• Task to complete
All lines below between the line with "soft shadows. 130710776" and the line with "a woman sitting", including both, must be copied exactly, and the pictures must be omitted.

• Provided information
******
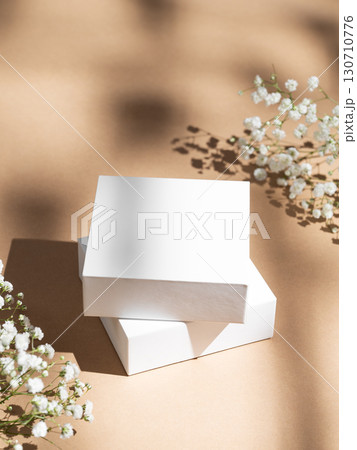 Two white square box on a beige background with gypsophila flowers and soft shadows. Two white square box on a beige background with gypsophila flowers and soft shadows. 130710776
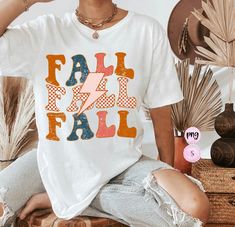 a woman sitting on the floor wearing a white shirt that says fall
******
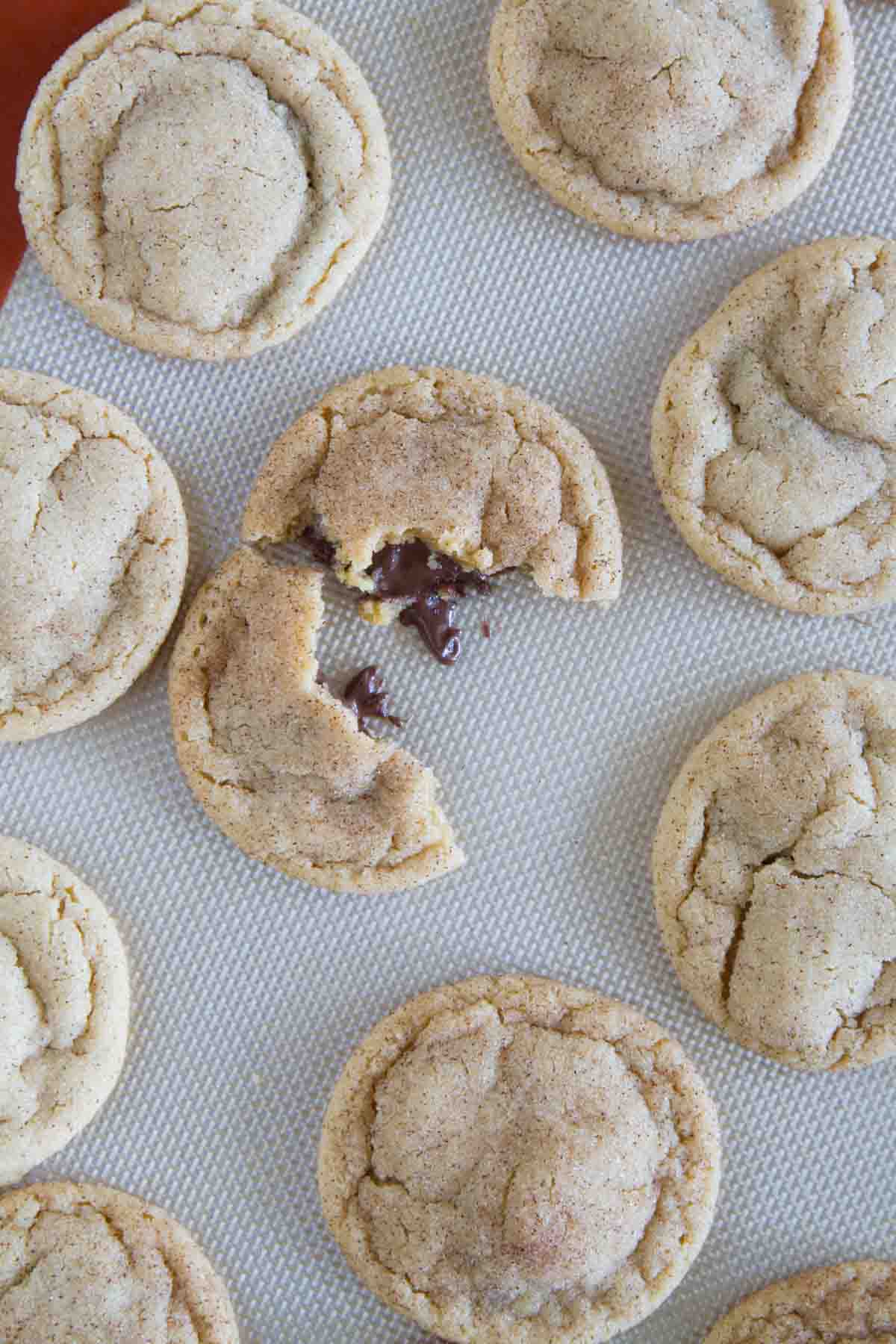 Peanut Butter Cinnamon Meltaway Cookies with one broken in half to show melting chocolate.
******
• Response area
 Two white square box on a beige background with gypsophila flowers and soft shadows. Two white square box on a beige background with gypsophila flowers and soft shadows. 130710776
 a woman sitting on the floor wearing a white shirt that says fall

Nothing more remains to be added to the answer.